* SOURCE MATERIAL
*** Block opens ***
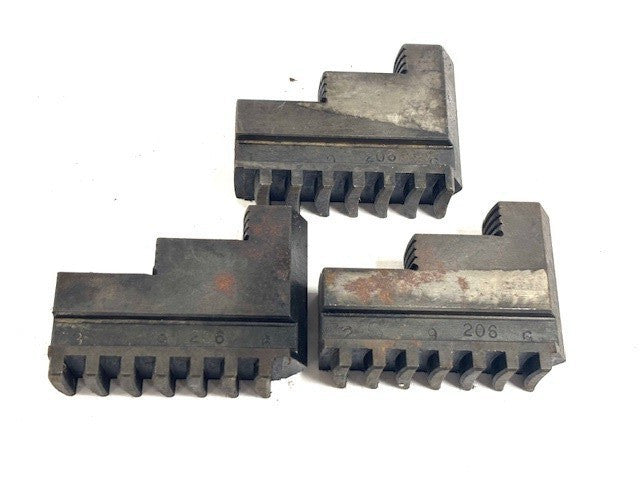 3 JAW LATHE CHUCK  SOFT JAWS 2-5/8 IN (SET OF 3)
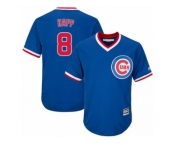 Chicago Cubs #8 Ian Happ Replica Royal Blue Cooperstown Cool Base MLB Jersey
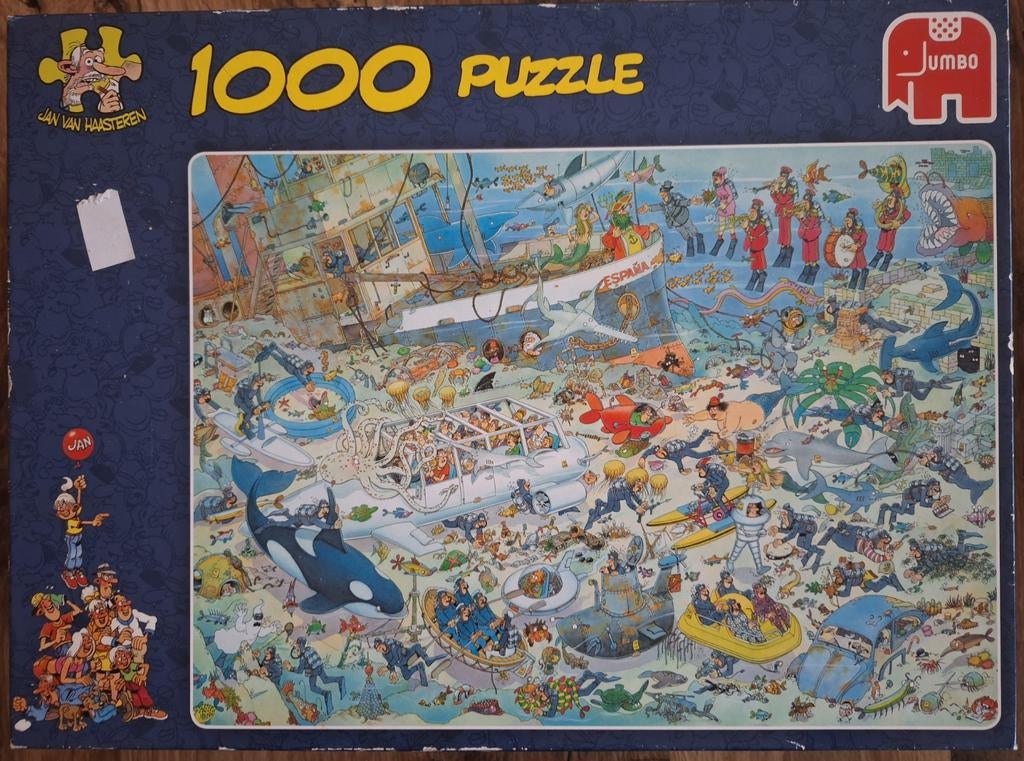 Jan van Haasteren - Duikboot - 1000 stukjes, Hobby en Vrije tijd, Verzenden, 500 t/m 1500 stukjes, Zo goed als nieuw, Legpuzzel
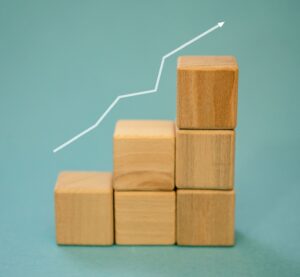 blocks showing growth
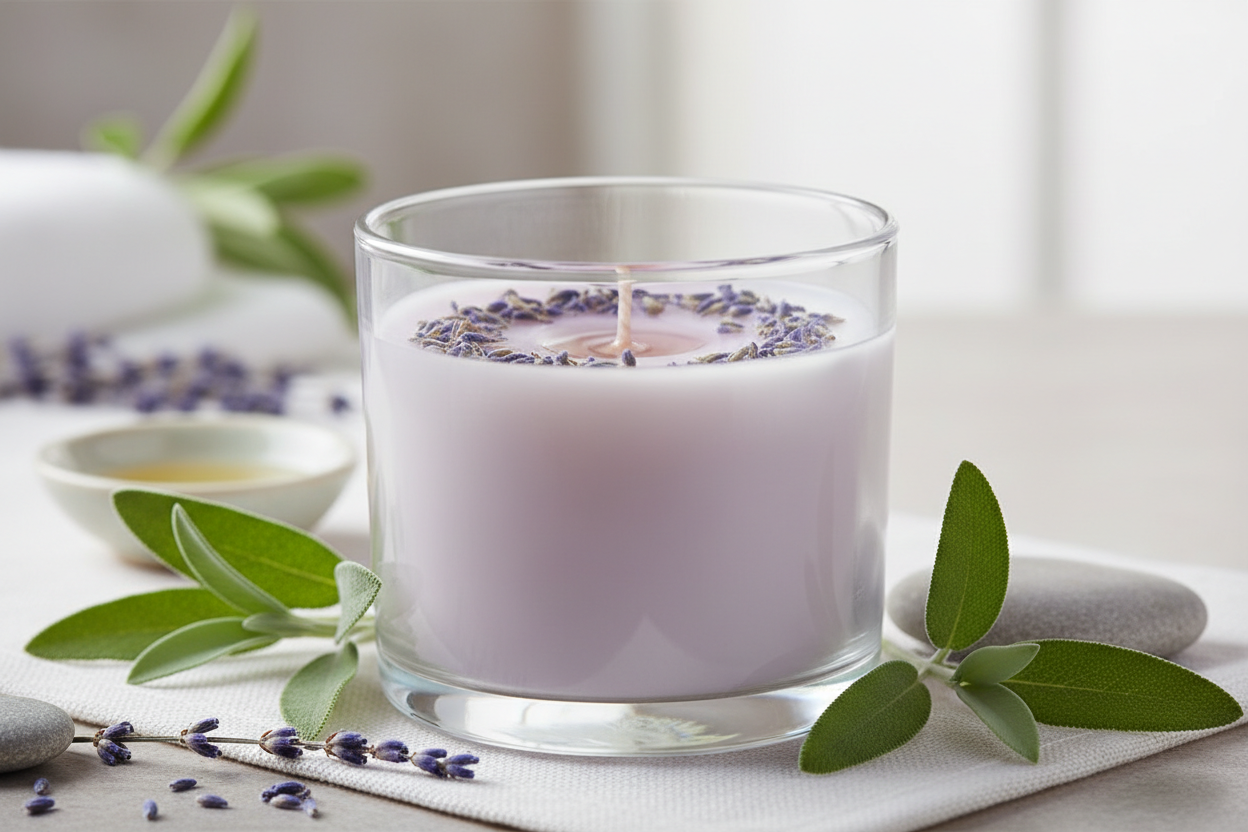 lavender and sage candle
*** Block closes ***
* WHAT YOU HAVE TO DO
Nothing but the lines from the line with "blocks showing growth" through the last line of the listing should be copied, exactly and with both ends kept. Leave pictures out.

* EXERCISE RESPONSE
 blocks showing growth
 lavender and sage candle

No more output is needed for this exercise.